Oct 26th 2013, the Economist.com
IT WILL not be long
till Congress and the White House start squabbling again about the budget in
Washington, DC. But before they create another artificial debt crisis, Barack
Obama and his Republican opponents ought to pay some attention to a real one
1,500 miles to their south-east.
Like Greece, Puerto Rico is a chronically
uncompetitive place locked in a currency union with a richer, more productive
neighbour. The island’s economy is also dominated by a vast, inefficient
near-Athenian public sector. And, as with Greece, there are fears that a
chaotic default could precipitate a far bigger crisis by driving away
investors, and pushing up borrowing costs in America’s near-$4-trillion market
for state and local bonds. Yet the Hellenic comparison is also helpful: it
should show the Americans what not to do.

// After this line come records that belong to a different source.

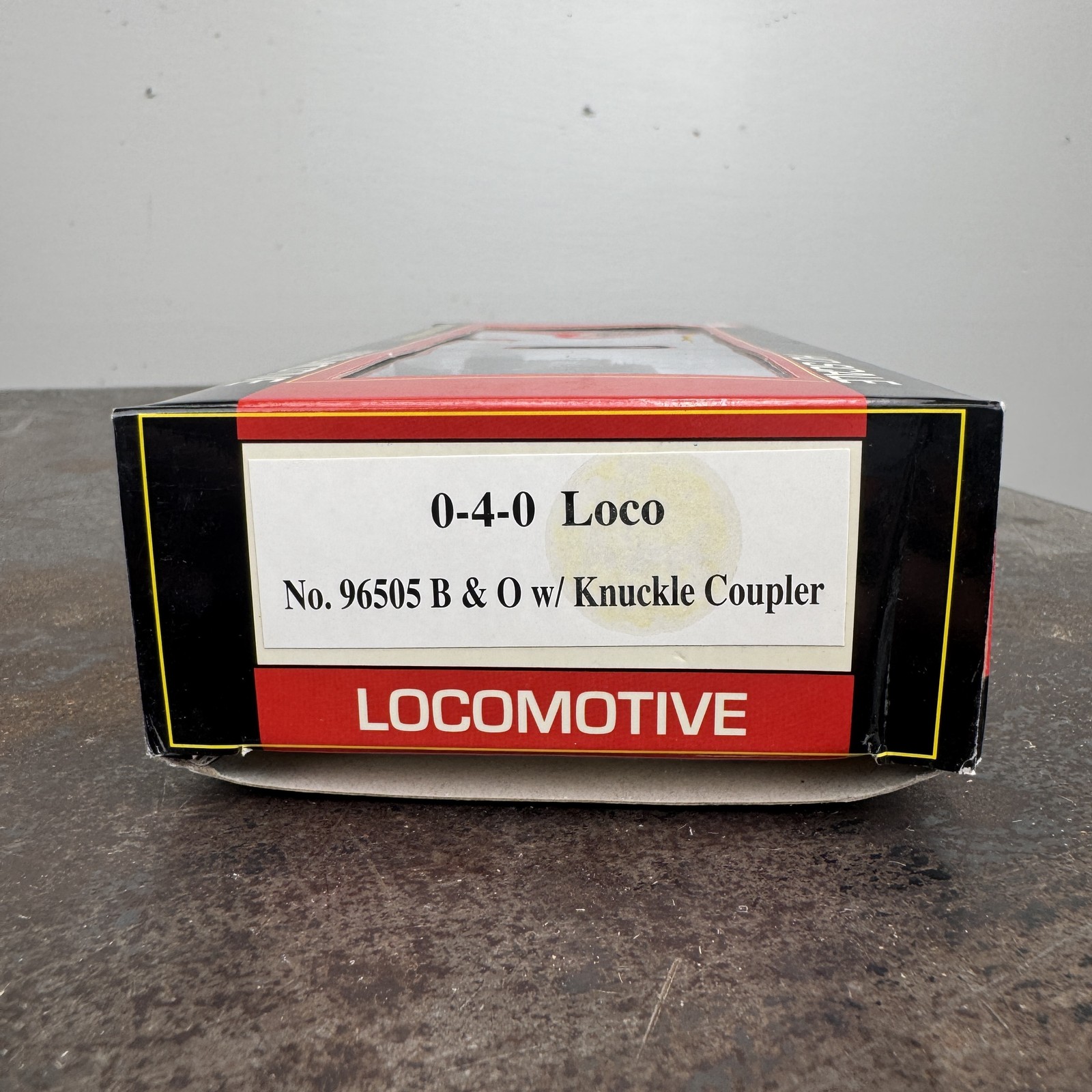 MODEL POWER HO 0-4-0 Locomotive B&O 143 w/ Knuckle Coupler #96505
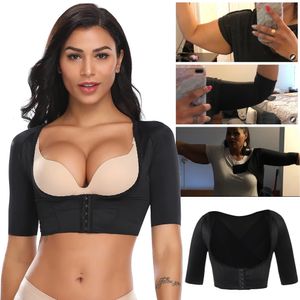 Kol şekillendirici kadınlar üst kol şekillendirici post daha ince sıkıştırma kolları kambur duruş düzeltici üstleri kadınlar için shapewear 231202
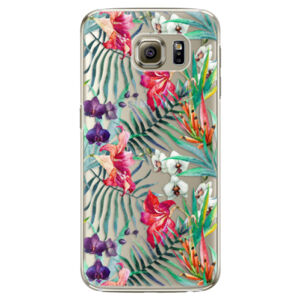 Plastové puzdro iSaprio - Flower Pattern 03 - Samsung Galaxy S6 Edge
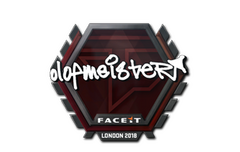 Sticker | olofmeister | London 2018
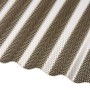Bronzefarbene Profilplatte PC Wabe HS 76/18, Kunststoffbedachung mit Wabenstruktur.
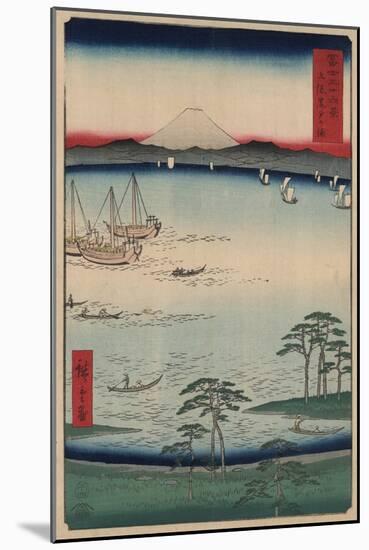 Kuroto No Ura in Kazusa Province-Ando Hiroshige-Mounted Giclee Print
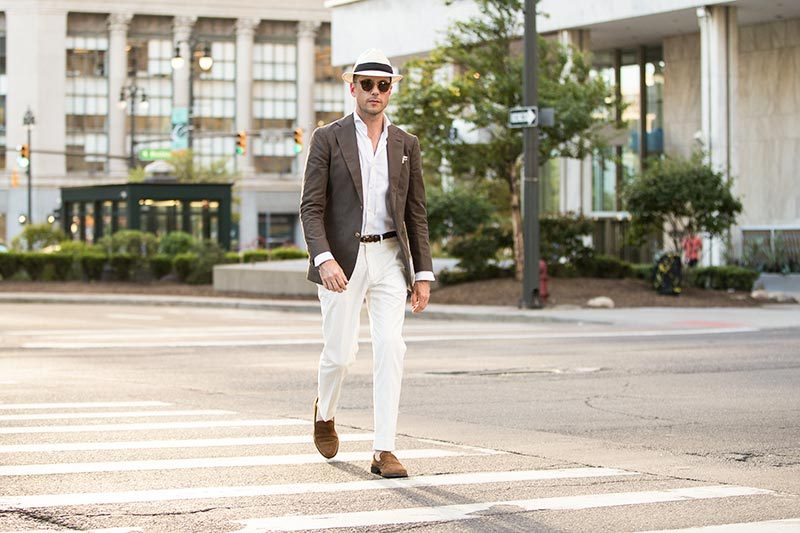 white pants outfit formal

For decades Puerto Rico has been sustained by federal subsidies. Its people, far poorer than the American average, get lots of transfers, from pensions to food stamps. Until 2006 the economy was buoyed by tax incentives for American firms that manufactured there. As drug companies took advantage, the territory became a vast medicinal maquiladora.
This tax break disappeared in 2006, and
Puerto Rico’s economy has shrunk virtually every year since. It has been able
to keep on borrowing, thanks to another subsidy: interest on Puerto Rican debt
is exempt from state, local and federal taxes in America, making it
artificially attractive to investors.
Some
Puerto Rican bonds that are just dying’ to meet you
No growth and heavy debt are a toxic combination. In 2010 Puerto Rico’s
previous governor tried-and failed-to boost the economy with tax cuts. The
current one, Alejandro Padilla, has raised taxes sharply, and hopes for a
balanced budget in 2016 (see article). Puerto Rican officials insist their
country is solvent. And with some heroic assumptions about future growth and
rising tax revenue, you can get the numbers to add up.
This is where Greece’s experience warrants
study. It suggests that austerity alone is no route to solvency in a
chronically uncompetitive economy. Puerto Rico’s priority should be structural
reforms to boost growth, from breaking up monopolies to reducing red tape. The
island scores 41st in the World Bank’s Doing Business index, whereas America is
fourth. Labour costs are too high, not least because the federal minimum wage,
which applies in Puerto Rico, is almost as much as the average wage.
Politicians in Washington must help, not least by getting rid of crazy rules
that force all cargo between the island and American ports to be carried on
American ships.
The second lesson from Greece is that if
debt does need to be restructured, it is best to do it sooner rather than
later. Greece waited far too long. America’s Congress is unlikely to provide
official loans to pay off private bondholders, as the Europeans did for Greece.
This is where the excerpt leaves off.